▶ **Extracted data**

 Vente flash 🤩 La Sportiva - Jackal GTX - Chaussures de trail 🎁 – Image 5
==
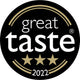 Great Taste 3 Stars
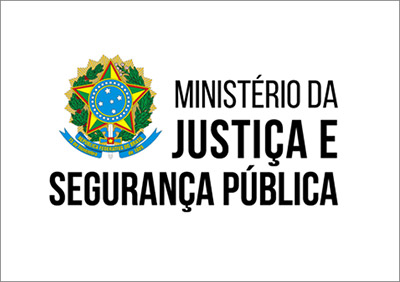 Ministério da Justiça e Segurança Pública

▶ **Work task**
Working from the records above, set down word for word everything from the line containing "Great Taste 3 Stars" down to the line containing "Ministério da Justiça e Segurança Pública", ends included, minus the pictures.

▶ **Reply**
 Great Taste 3 Stars
 Ministério da Justiça e Segurança Pública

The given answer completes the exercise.